Hi @fdq09eca, PDFs are allowed to place characters outside of its mediabox (or cropbox). If you want to automatically remove them, you could run page_inside = page.within_bbox(page.bbox).

fdq09eca commented 4 years ago

@jsvine will the mediabox adjust respectively when the page is cropped?

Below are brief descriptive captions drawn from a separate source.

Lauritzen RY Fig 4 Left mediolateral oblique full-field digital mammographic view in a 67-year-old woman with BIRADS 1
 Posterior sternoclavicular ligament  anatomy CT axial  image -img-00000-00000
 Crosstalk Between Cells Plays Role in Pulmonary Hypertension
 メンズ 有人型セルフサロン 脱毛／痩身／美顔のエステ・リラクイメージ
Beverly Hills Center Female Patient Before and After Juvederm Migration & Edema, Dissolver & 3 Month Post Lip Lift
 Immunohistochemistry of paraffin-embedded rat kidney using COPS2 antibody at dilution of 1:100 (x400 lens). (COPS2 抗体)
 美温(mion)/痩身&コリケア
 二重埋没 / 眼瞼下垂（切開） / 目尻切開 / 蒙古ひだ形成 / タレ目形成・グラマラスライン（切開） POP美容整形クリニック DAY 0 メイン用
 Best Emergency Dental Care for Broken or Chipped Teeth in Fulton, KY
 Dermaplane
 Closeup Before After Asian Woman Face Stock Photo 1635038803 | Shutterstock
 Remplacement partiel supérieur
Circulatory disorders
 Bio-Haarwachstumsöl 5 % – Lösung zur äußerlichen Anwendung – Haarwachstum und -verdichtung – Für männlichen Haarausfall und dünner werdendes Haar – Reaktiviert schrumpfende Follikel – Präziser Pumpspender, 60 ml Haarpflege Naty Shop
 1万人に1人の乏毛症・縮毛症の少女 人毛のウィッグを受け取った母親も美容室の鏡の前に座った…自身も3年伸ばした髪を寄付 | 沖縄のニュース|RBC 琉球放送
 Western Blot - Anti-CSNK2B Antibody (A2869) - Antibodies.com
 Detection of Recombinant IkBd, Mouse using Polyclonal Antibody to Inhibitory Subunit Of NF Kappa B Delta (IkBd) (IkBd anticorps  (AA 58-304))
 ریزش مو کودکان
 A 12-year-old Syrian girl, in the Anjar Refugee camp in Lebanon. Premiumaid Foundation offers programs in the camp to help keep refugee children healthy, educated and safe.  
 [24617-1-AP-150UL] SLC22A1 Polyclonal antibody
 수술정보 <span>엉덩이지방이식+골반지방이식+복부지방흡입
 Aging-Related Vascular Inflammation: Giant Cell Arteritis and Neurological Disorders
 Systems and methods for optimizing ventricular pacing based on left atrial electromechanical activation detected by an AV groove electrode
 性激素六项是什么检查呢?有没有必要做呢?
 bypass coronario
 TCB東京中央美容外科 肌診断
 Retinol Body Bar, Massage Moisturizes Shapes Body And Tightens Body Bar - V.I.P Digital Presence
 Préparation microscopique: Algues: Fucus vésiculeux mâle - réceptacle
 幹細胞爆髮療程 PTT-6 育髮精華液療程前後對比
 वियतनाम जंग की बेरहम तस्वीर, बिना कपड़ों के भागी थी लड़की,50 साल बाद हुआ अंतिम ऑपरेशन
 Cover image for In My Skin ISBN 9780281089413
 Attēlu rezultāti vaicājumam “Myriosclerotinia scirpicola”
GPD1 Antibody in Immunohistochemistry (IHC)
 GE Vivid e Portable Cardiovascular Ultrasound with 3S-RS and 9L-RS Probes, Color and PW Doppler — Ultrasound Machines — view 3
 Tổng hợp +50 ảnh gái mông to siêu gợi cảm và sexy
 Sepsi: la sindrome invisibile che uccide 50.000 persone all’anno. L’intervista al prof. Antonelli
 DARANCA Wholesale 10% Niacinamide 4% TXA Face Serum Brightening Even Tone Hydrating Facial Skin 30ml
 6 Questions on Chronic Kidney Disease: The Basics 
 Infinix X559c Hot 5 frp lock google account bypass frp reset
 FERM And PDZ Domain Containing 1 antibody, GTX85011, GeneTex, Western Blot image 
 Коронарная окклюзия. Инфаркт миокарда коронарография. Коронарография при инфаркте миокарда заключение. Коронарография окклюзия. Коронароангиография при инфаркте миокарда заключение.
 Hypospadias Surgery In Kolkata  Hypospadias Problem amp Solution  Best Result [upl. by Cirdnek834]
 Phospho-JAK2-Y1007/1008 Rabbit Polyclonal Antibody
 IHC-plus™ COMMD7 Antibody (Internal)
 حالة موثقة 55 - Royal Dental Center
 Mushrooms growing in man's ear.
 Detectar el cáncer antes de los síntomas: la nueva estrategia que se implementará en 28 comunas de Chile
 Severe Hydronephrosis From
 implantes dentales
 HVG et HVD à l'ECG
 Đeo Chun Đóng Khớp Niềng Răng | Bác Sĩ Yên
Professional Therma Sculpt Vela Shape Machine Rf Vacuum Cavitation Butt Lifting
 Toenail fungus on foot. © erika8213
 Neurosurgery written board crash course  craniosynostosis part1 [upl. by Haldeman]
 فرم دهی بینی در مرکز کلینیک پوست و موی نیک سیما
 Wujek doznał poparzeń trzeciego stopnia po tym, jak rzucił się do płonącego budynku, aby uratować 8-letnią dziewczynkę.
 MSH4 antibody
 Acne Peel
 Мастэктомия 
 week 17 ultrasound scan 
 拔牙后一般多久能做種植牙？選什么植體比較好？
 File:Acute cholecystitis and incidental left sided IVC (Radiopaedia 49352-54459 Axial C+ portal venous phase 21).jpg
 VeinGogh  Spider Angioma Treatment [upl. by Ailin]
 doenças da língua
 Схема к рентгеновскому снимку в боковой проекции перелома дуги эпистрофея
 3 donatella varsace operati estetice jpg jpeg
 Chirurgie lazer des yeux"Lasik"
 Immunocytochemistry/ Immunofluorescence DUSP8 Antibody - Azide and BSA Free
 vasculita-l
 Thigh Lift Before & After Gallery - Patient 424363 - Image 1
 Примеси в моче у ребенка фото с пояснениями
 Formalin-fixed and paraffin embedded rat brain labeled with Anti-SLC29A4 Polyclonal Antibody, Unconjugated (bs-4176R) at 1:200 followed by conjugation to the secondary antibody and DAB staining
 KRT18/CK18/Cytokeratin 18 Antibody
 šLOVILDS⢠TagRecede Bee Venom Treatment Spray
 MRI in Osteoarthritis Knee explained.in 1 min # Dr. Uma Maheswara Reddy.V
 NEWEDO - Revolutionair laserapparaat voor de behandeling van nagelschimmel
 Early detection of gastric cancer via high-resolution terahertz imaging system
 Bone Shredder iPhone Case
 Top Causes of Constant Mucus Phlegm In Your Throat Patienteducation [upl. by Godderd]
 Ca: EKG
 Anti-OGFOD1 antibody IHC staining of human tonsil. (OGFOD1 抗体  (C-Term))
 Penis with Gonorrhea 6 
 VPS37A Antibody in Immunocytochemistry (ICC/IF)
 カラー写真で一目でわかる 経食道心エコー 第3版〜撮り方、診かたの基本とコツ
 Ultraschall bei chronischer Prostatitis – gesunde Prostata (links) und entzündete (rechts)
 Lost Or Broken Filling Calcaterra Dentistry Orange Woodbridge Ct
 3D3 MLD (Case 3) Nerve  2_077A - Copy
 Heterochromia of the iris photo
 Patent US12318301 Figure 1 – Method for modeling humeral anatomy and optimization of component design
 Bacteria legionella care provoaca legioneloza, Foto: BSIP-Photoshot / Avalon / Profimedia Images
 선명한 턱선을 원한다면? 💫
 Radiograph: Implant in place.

jsvine commented 4 years ago

Yes, the .crop(...) and .within_bbox(...) methods automatically adjust the bbox property: https://github.com/jsvine/pdfplumber/blob/3afd08620f345adbf60d5a21c1e201535745239f/pdfplumber/page.py#L315-L322

fdq09eca commented 4 years ago

Yes, the .crop(...) and .within_bbox(...) methods automatically adjust the bbox property:

https://github.com/jsvine/pdfplumber/blob/3afd08620f345adbf60d5a21c1e201535745239f/pdfplumber/page.py#L315-L322

excellent. Thank you, it gives me the reason of the bug.